June Tierney of the Vermont Climate Council (also commissioner of the Department of Public Service) made a splash when she called the plan to reduce Vermont’s greenhouse gas emissions a “Mack Truck” getting ready to run down unsuspecting citizens in terms of its immense cost and radical impact on our jobs and lifestyle. At the November 2 meeting of the Council, Tierney doubled down and then some.
“There isn’t one Mack Truck,” she warned, “There are two; probably more in my judgement.… Now, I have spent the last year and a half struggling mightily under mandates from the federal government imposing timelines that had nothing to do with reality in order to first spend Corona relief fund money and now ARPA money. Those deadlines that legislatures impose without regard for what can actually be done in my judgement border on being criminal at this point, because it is forcing people to act without a solid basis for using those resources in a reasonable fashion.

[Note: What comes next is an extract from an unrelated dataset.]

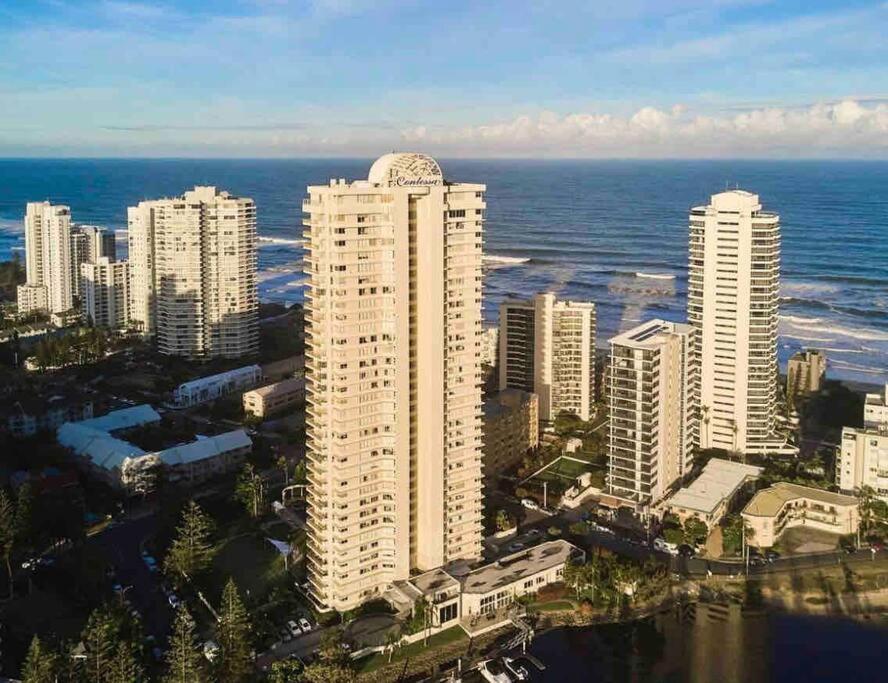 Main High Floor Luxury Contessa Main Apartment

This plan envisions that we are going to make recommendations as to what the ANR should do in order for the state of Vermont – both the government and its citizens – to meet these emissions reduction goals. In my judgement, to be in the position of making such recommendations without a solid sense of cost, and more importantly, whether these things are actually feasible, is to set this plan up for failure before it ever gets going.… There just comes a point where lack of realism has to be called out, and I hope we will do that in this plan.”
Lack of realism is a serious issue with the Climate Plan.
The “Action Item” to weatherize 120,000 homes by 2030 isn’t realistic. As council member Sean Brown (also Commissioner of Department of Children for Families Agency of Human Services) pointed out, the labor force issues and supply chain issues in Vermont don’t allow for this level of activity, and the money, which he said could be as much as $2 billion, isn’t there to fund it if it were. (2:41:30)
Likewise, the idea that Vermonters will either willingly (with taxpayer funded bribes) or be forced to purchase 40,000 electric vehicles over a three-year period (2022-2025) – a tenfold increase in the number on the road today – is preposterous. Even if the money for such subsidies could be found (probably not), and that number of affordable EVs could be found given supply chain issues, the electrical infrastructure both publicly and in private residences isn’t available to accommodate that number of EVs. And again, neither the workforce nor the funds is available to create that infrastructure by 2025.
The "Clean Heat Standard" being proposed is an incredibly complicated and bureaucratically intense system that will force Vermonters to buy or create "credits" for doing things the council deems environmentally worthy. Who knows how much keeping track of such a system and monitoring everybody's balance will cost. Not the people proposing it, apparently.
And these are just a small portion of the “Action Items” the Council is recommending. Again, we have to ask, do Vermonters really want and expect our government to dedicate the majority of its and our scarce resources to totally revamping our economy, creating massive personal and economic disruption, in what we know will be a failed attempt to meet unrealistic mandates that, even if we were to succeed in meeting them, will have zero impact on future climate trends?